__What to work on__
You are asked to filter the data below and copy every line holding "Alternator".

__Source information__
= = = = =

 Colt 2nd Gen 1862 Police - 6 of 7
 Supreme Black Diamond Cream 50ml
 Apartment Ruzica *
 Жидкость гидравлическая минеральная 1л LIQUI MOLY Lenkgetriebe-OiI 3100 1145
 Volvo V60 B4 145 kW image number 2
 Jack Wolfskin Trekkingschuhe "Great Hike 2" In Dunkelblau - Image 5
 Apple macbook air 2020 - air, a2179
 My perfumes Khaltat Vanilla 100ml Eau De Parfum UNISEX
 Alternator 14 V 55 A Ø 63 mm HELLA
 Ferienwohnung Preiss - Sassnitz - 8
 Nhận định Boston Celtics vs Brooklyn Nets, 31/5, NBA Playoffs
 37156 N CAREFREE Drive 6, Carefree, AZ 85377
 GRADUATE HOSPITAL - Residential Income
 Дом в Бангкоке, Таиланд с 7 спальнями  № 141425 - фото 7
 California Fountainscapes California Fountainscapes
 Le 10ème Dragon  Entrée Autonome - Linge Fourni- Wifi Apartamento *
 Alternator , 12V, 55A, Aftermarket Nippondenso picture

= = = = =

__Answer for this exercise__
 Alternator 14 V 55 A Ø 63 mm HELLA
 Alternator , 12V, 55A, Aftermarket Nippondenso picture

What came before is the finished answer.